No longer needed. I will never forget the day these three words infiltrated my ear and bombarded their way into my life. I was on a field trip with my school when the hotel phone rang. Unbeknownst to me, the ringing of the phone didn't simply signal someone on the other end of the line, but that my 12-year teaching career at a Christian school was at an end, too. Words that took less than three seconds to hear have taken me three years to appreciate.

It's often hard to understand God's plan for our lives. When trials come, we are left with questions, doubt and oftentimes, bitterness. Yet, as Christians, we are promised that God is always with us and that all things ultimately work for our good. My reminder of these promises came later that same day during the first stop on our field trip.

Three months earlier, I made a reservation for my class to visit a museum of biblical archaeology. I had never been to this museum before, but felt impressed that the Lord could use our visit to teach my students about His realness, and thus become more real in each of their lives. It was my life, however, where His presence would be felt the most that day. What I thought was a reservation for a school field trip, was instead a divine appointment.

Upon arriving at the museum, I was greeted with a warm smile and a big hug from our hostess for the tour. After the earlier news, this welcome felt as though heaven itself had come down to greet me. Instantly, my anxiety vanished and God's peace began to fill my heart. We were ushered into a room filled to overflowing with ancient artifacts and given white gloves to put on. Not only would we be learning about some of these artifacts, but we would also have the opportunity to hold them in our hands.

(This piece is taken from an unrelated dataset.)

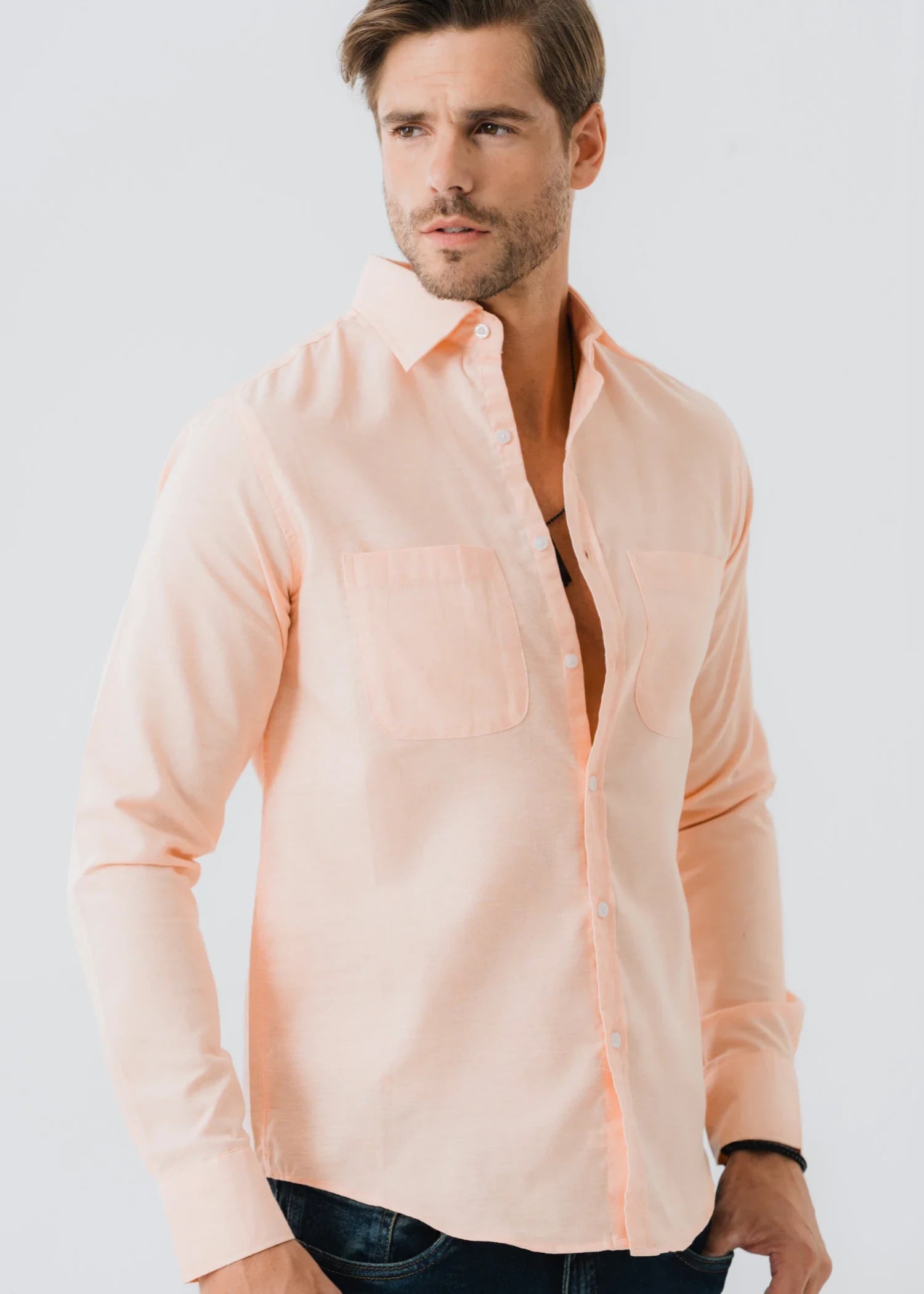 cotton Casual Shirt in Peach orange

As we sat in this room, surrounded by the evidence of God and His leading in the past, our hostess began to speak words that assured me of God's leading in my future. First, she handed me an old clay pot. During the days of Abraham, this pot would have been home to a continual flame, a symbol to all of God's continual presence. As the Bible scholar placed this artifact in my hands, she told me to remember that God is always with us, no matter what may be happening in our lives at the time. As I held this timeworn pot, a timeless truth took seed in my heart. Just as God was always with His children in the past, He is always with His children today.

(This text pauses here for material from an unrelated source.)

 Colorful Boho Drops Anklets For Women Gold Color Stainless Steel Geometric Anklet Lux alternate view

Next, our attention was drawn to the amazing story of Joseph. Once again an artifact was placed in my hand, and a word from God was placed in my heart. With a few ancient coins, representing the amount for which Joseph was sold, I connected to this Bible figure in a way unlike before. We shared a lot in common it seemed. His brothers gave little thought to selling him for a few coins, and my boss gave no thought to "selling out" on me either. We were both no longer needed. We were each someone of little value and worth in the eyes of those who should have cared for us.

As the words of that morning's conversation replayed in my mind and overtook my thoughts, the words of our hostess brought me back to the museum and back to God. "Have you ever been treated unfairly?" she asked. "Have you been sold for a cheap amount and left feeling worthless and no longer needed? You can be sure of this promise, what Satan meant for your harm, God will use for your good." Then she closed my fingers tightly around the coins and said directly and boldly to me, "And for you, even better."

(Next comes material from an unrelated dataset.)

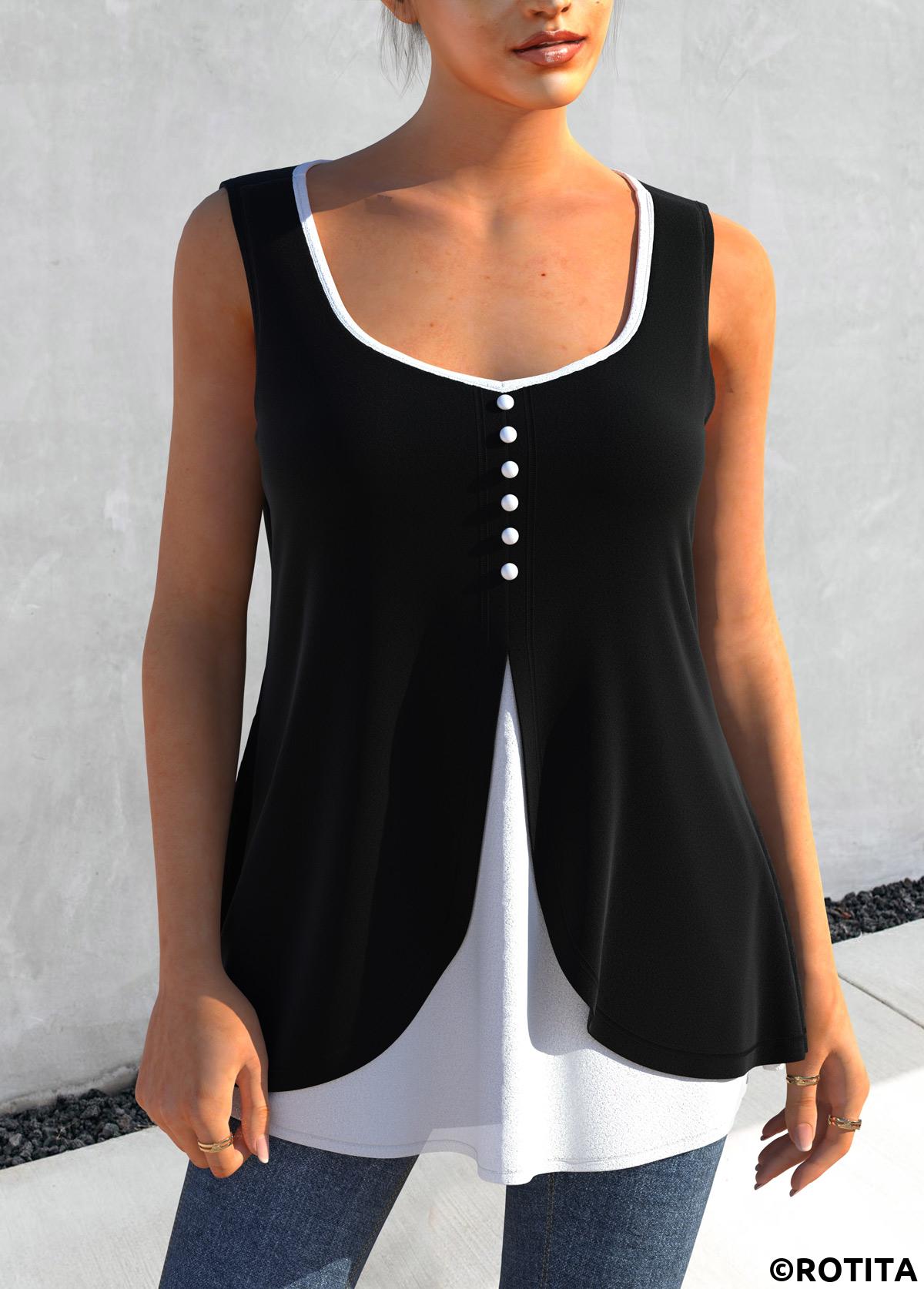 Rotita schwarzes zweiteiliges Tanktop mit breiten Trägern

As I held these coins of insignificant value, God revealed to me the invaluable significance of His plans. The news I received earlier was not a dead end, but rather an avenue through which God was about to do something new and better in my life. Hope burst into my heart, shoving out the rejection and hurt that sought to take up residence. I put those coins back into the hands of our hostess, and humbly and gratefully placed my life and my future back into the hands of my God.

All too soon, our time at the museum came to an end. My class left excited about the next destination on our field trip, and I left excited about the next destination in my life. I stepped out into the sunshine and into my future, confident that God was still present in my life and that He was going to do something even better.

The "better thing" God was doing in my life started coming into focus the moment I learned of an opening in a school twenty minutes away from my parents' home. My father's health had been gradually declining, and my heart longed to be closer to him during his final days on earth. After sending my resume, and a quick interview, I found myself moving into a new classroom, and back into the home of my parents.

The God of Abraham and Joseph, in His infinite wisdom and love, had brought me full circle. Here, living under the same roof as my ailing father, my life kept on getting better. I was given the awesome privilege of ministering to my precious father in this, the most needful and fragile time of his life. I was the one able to sit by his bed, hold his hand, and listen to the words of his heart.

It was Christmas-time when my father passed away. Sitting at his funeral, my thoughts went back to that life-changing day three years earlier. The phone call...the museum...the artifacts...the words. Not the words "no longer needed," but rather the powerful words of a God who loved me so much he closed one door to open another. The words of God who longed to meet my needs while meeting the need of my father. I thought of the words from a faithful God who promises to be with us no matter what, and to take what Satan means for our harm and turn it around for our good.

The hostess was right and her words were true. God did something even better in my life. He didn't take from me, He gave to me a gift that would have gone unopened had it not been for that phone call, and those three words.

(Note: I was blessed to have this story published in the March 2008 edition of P31 WOMAN, a magazine published by PROVERBS 31 MINISTRIES.)